Given material Block Start

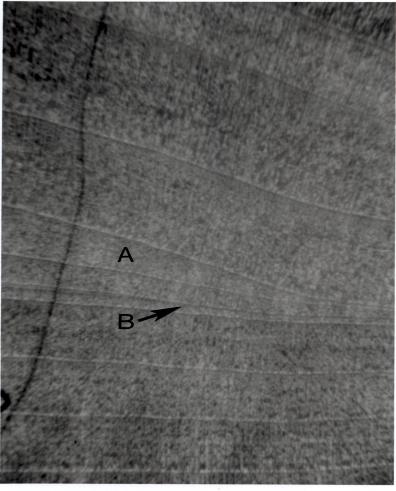 Plate 2-2 (above). Locally absent growth rings in Pacific madrone. The ring marked A decreases in thickness from left to right.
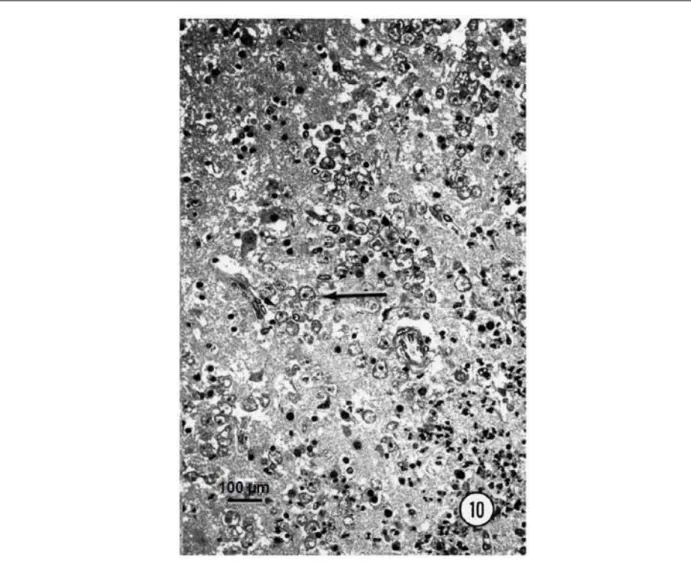 Figure 16 : Encéphalite amibienne à Balamuthia (Schuster and Visvesvara, 2004). 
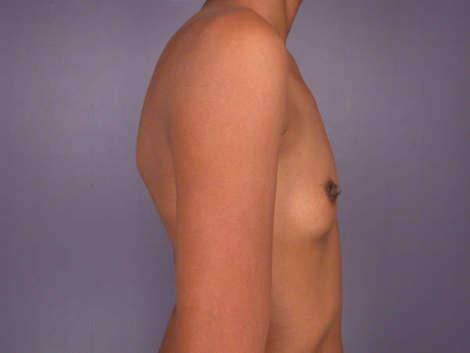 Breast Augmentation Before & After Image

Given material Block End

Beginning with the line containing "Figure 16 : Encéphalite" and ending with the last line of the data above, repeat each line exactly. Include no pictures and no other lines.

 Figure 16 : Encéphalite amibienne à Balamuthia (Schuster and Visvesvara, 2004). 
 Breast Augmentation Before & After Image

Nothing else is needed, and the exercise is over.